*** PROVIDED DATA ***

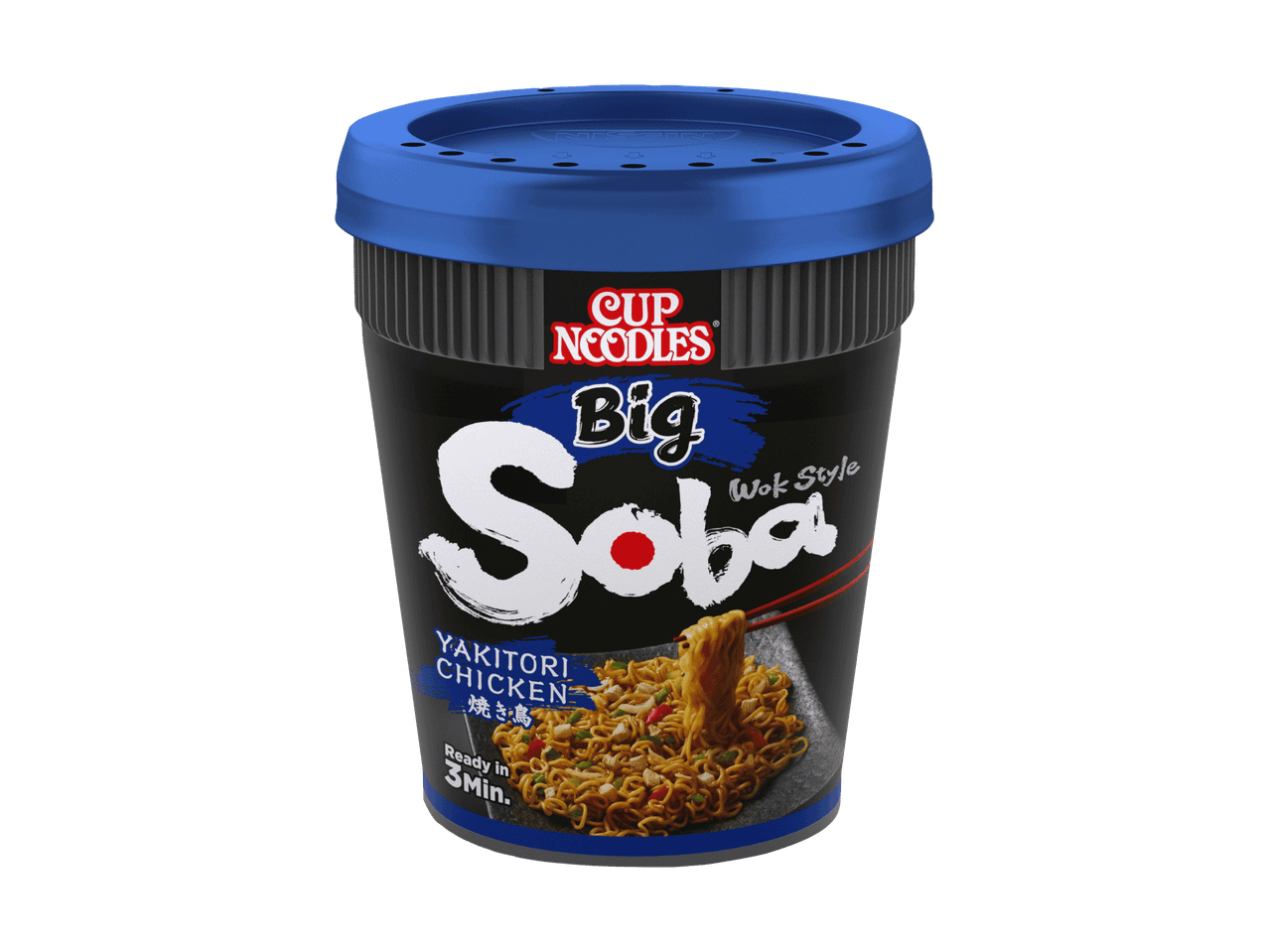 Cup Noodles Big Soba Yakitori Chicken, Wok-Stil, in 3 Minuten fertig.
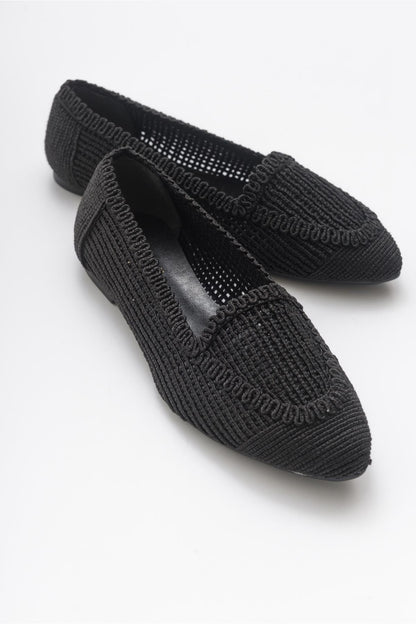 Mira Black Knit Ballet Flat (Women)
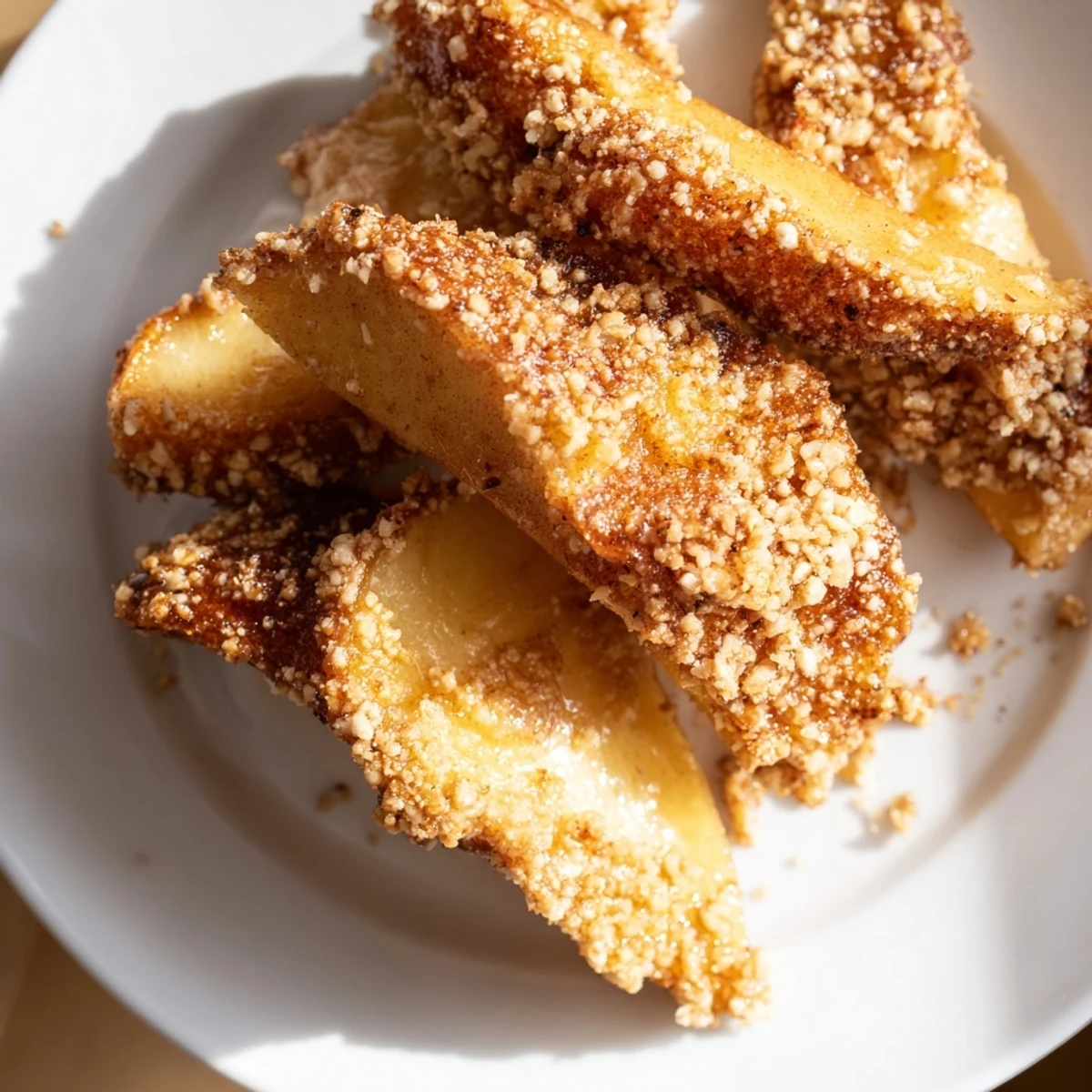 Golden crispy air fryer apple slices coated in warm cinnamon sugar on a white plate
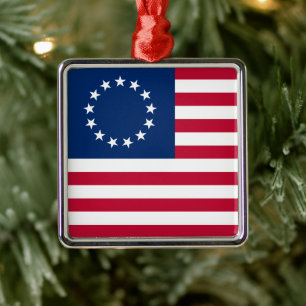 US Circle Flag of Stars, American Flag, Betsy Ross Metal Ornament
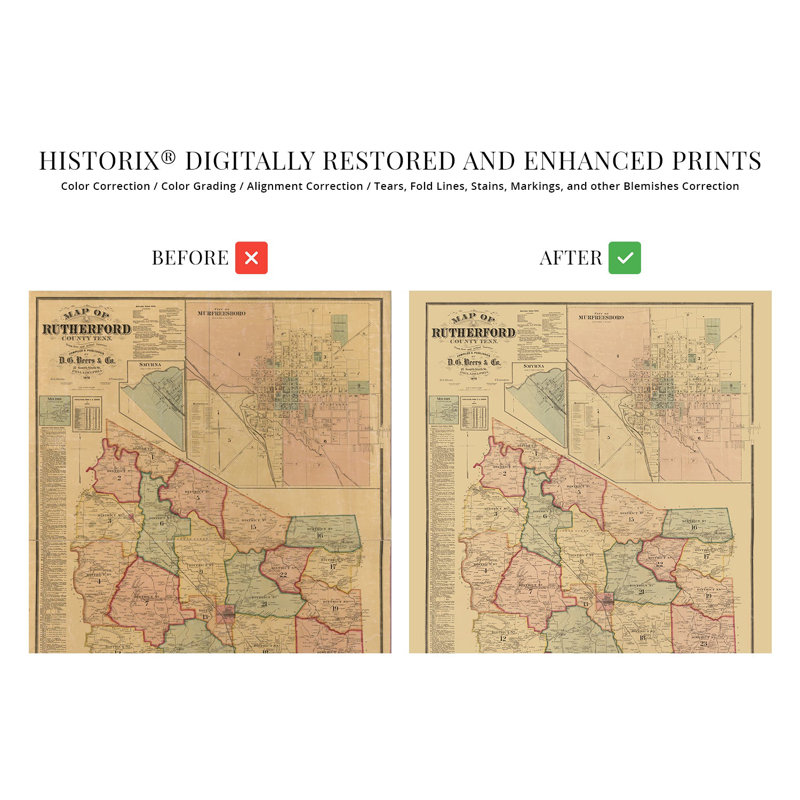 Carte du comté de Rutherford, Tennessee, 1878, H 24 po x l 18 po x P 0,01 po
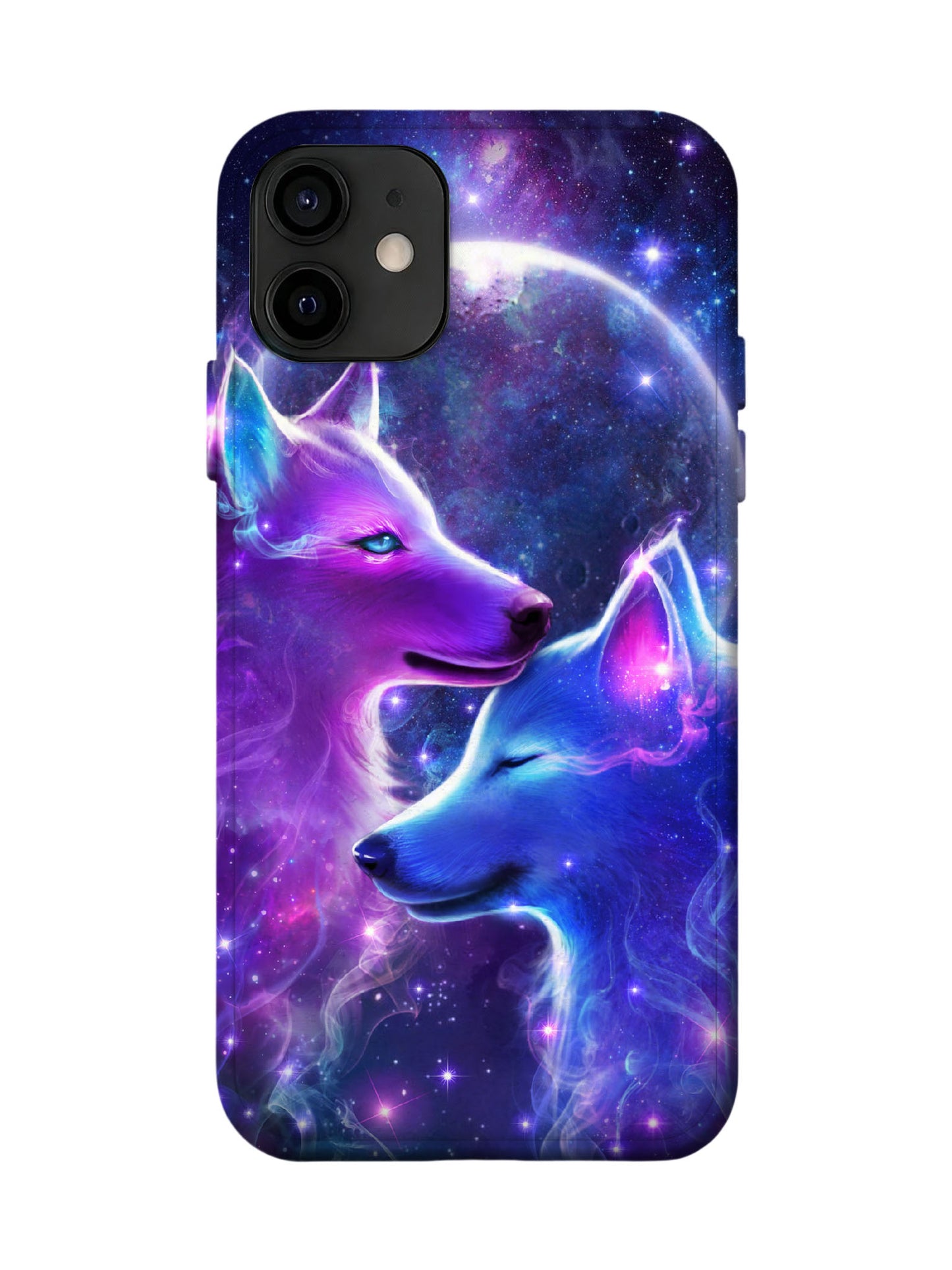Cosmic Wolf Duo Edgy Cyberpunk Protective Phone Case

*** End of PROVIDED DATA ***

> **ABOUT THIS TASK**: Nothing but the lines from the one containing "US Circle Flag" to the last line of the records should be returned, exactly as they appear and without pictures.

> **RESULT OF THIS TASK**:
 US Circle Flag of Stars, American Flag, Betsy Ross Metal Ornament
 Carte du comté de Rutherford, Tennessee, 1878, H 24 po x l 18 po x P 0,01 po
Cosmic Wolf Duo Edgy Cyberpunk Protective Phone Case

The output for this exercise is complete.